Once the second wizard is done, you've successfully created a cluster. Woot!
If you're a true geek, you'll fail it over a few times just to see it in action
(go to the Groups node in Cluster Admin and right click the Cluster Group, then
select Move Group (i.e. move the resource group to another cluster)). Note too,
that as you do this, the Group 0 resource (your remaining shared HD) stays with
the original node (though you can move it too).
9) SQL Pre Configuration
- You'll want to install MSDTC on both servers in the
cluster. Move the Cluster Resources to Server1. (Fail the
resources back to Server1 if you need to.)

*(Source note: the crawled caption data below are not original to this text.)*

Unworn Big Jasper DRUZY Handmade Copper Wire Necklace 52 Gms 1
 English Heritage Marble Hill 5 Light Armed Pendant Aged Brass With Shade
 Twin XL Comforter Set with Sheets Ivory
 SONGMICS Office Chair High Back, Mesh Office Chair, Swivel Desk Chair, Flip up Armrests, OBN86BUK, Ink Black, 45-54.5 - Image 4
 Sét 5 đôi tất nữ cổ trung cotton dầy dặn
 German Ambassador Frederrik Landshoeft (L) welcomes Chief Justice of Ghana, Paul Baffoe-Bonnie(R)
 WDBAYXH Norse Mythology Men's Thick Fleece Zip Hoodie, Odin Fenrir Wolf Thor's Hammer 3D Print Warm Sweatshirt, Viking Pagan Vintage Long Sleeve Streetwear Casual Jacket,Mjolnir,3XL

- Start | Control Panel | Add/Remove Programs | Add/Remove Windows
Components.
- Select Application Server, and then click
Details. Then select Enable network DTC
access and click OK (boy is this tons easier than
configuring it for Windows 2000) a few times to load in
MSDTC.
- Once Server1 is configured, fail over to Server 2, and do the same.
10) Install SQL Server
- You'll
want NEED to copy the contents of
your SQL Server 2000 Enterprise Installation CD onto the local harddrive for
Server 1. (Otherwise you'll most likely encounter a read error during the
middle of installation. Recovery at this point is just UGLY.)
- Make sure cluster resources are on Server1. (Otherwise your
installation won't get far...)
- Change the name of the Group 0 resource to SQL
Server Resource.
- Run the autorun.exe from your VM's hard drive. (i.e.
start the 'CD' up from your Hard Drive).
- From the splash screen select SQL Server 2000 Components,
and the pick Install Database Server.
- Walk your way through the wizard. You'll be creating a Virtual SQL
Server. And you'll need to provide a network name for it. SQLServer
is a good name if you're going the bland route, otherwise it has to either be
Marge, or Barney <g>. You'll also need to specify an IP Address as well.
When you do so, make sure you are binding the IP address to the
External NIC, not to the heartbeat NIC.
- Finish up the installation as needed (putting your database files on the R
Drive).
When Installation completes, you'll have a watered down, not-terribly-secured
BUT clustered SQL Server instance in a completely virtual environment. (You may
then want to set dependencies and other things on cluster resources in the SQL
Server Resource Group... check out the Patterns
and Practices Library for details (though remember this info is old and for
Windows 2000 - though it's not that different).